Task details
Please return, word for word, the line containing "Vaso Sanitário Convencional" and each line after it through the end of the data below, and nothing else.

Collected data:
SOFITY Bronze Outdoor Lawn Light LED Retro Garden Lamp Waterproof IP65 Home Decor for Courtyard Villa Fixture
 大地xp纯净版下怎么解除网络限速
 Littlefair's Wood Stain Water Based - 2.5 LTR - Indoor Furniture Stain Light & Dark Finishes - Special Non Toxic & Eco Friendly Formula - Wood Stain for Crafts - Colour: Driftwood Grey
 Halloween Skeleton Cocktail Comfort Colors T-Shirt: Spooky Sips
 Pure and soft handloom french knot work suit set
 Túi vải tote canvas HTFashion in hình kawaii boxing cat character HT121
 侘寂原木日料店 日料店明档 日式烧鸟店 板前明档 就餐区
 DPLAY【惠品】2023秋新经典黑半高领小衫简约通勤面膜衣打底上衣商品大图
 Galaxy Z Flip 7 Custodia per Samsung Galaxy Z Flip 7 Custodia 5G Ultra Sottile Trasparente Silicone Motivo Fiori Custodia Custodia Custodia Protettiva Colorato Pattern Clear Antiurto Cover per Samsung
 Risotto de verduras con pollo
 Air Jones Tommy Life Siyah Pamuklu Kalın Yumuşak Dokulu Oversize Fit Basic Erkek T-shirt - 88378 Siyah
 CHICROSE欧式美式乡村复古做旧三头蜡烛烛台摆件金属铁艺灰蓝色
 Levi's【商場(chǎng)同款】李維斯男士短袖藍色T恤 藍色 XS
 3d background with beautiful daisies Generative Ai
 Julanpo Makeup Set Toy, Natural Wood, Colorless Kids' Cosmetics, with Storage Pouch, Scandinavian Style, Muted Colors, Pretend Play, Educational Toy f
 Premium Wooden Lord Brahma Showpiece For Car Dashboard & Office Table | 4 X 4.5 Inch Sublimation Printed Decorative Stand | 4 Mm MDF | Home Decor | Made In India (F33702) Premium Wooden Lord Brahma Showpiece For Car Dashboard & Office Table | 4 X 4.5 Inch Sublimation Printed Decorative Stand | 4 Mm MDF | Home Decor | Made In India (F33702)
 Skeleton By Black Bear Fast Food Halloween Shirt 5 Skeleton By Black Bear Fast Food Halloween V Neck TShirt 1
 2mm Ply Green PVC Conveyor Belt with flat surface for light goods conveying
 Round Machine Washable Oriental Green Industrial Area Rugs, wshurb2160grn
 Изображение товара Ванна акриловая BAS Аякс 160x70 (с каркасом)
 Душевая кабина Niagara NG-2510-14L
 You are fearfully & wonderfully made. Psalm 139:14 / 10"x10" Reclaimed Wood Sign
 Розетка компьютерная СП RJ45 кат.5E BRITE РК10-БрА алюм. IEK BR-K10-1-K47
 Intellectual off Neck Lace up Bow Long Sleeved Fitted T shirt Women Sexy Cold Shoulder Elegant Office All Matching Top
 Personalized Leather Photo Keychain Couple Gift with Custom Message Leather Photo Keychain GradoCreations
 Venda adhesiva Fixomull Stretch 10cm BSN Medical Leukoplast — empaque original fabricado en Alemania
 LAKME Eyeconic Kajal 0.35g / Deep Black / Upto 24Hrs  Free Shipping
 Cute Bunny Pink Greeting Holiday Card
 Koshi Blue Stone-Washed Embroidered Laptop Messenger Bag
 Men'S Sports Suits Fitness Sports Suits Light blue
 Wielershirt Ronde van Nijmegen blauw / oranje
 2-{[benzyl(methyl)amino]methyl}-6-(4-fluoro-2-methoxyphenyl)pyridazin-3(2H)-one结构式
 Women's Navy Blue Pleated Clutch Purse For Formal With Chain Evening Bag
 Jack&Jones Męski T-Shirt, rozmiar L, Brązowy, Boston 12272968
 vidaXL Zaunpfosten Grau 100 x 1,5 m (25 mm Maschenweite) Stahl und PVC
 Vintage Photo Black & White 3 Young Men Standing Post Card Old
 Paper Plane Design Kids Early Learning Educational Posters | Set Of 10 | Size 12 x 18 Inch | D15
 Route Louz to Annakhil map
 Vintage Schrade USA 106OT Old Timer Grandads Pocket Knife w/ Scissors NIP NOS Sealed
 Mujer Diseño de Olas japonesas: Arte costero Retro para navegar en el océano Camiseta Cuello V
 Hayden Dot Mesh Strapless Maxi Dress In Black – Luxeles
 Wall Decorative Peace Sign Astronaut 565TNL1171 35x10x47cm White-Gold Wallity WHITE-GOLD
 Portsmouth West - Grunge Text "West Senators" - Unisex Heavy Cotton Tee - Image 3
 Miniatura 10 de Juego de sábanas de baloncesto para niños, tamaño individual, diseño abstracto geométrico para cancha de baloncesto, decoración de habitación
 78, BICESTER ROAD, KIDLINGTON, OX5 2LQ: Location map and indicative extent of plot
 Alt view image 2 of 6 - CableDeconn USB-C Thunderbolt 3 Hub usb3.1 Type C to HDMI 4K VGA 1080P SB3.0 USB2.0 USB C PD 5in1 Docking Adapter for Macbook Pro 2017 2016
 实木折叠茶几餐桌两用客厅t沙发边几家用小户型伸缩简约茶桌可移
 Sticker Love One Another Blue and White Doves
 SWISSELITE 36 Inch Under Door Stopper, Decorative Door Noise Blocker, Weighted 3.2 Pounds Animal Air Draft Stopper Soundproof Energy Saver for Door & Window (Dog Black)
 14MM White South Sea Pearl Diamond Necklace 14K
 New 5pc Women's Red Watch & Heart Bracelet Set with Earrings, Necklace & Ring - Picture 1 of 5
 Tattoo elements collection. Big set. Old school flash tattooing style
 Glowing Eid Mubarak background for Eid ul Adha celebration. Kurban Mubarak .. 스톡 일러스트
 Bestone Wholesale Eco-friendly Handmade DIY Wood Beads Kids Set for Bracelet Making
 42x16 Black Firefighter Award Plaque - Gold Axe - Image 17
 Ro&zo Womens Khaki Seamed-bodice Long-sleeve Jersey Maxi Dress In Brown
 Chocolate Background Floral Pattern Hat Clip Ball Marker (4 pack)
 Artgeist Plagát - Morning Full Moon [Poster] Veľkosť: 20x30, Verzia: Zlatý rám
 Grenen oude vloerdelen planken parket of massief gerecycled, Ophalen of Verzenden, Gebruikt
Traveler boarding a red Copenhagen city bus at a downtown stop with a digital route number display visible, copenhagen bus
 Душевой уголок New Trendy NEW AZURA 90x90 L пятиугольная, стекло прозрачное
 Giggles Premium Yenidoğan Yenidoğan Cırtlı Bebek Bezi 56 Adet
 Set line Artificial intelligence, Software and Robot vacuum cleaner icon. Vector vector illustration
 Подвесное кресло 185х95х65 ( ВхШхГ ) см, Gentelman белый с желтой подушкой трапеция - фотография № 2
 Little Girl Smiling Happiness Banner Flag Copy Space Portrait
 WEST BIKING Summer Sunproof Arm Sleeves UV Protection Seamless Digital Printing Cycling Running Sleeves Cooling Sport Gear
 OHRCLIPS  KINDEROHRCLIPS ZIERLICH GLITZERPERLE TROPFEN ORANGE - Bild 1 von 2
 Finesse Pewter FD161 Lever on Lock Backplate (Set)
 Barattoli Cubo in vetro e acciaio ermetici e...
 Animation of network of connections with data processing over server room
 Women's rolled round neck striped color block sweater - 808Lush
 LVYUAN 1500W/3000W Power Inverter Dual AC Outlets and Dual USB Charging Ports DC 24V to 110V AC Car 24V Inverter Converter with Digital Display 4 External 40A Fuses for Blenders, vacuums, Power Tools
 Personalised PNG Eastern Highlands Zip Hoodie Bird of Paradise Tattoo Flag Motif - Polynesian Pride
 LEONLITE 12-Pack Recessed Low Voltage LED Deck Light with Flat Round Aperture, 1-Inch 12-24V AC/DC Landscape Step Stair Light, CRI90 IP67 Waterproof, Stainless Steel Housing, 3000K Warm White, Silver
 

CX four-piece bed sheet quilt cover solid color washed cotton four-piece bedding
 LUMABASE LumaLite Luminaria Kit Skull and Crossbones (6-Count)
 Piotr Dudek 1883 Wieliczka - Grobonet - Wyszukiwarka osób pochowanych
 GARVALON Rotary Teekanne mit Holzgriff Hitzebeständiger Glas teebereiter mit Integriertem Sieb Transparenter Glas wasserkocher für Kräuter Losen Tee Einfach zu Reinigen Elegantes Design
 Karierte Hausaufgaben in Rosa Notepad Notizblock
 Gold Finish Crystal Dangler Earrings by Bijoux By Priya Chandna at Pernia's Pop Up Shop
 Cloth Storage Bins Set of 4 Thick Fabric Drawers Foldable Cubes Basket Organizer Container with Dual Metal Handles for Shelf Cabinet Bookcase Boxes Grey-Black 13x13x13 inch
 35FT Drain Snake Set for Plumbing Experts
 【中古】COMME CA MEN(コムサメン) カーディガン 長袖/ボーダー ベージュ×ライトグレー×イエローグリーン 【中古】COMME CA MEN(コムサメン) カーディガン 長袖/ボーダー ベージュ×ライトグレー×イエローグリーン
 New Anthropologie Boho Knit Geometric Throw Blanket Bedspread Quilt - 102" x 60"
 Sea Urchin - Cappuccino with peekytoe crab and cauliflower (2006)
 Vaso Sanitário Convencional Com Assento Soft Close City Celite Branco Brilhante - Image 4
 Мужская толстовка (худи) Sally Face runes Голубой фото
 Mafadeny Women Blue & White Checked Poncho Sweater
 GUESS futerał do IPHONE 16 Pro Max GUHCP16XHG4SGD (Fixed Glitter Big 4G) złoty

Answer
 Vaso Sanitário Convencional Com Assento Soft Close City Celite Branco Brilhante - Image 4
 Мужская толстовка (худи) Sally Face runes Голубой фото
 Mafadeny Women Blue & White Checked Poncho Sweater
 GUESS futerał do IPHONE 16 Pro Max GUHCP16XHG4SGD (Fixed Glitter Big 4G) złoty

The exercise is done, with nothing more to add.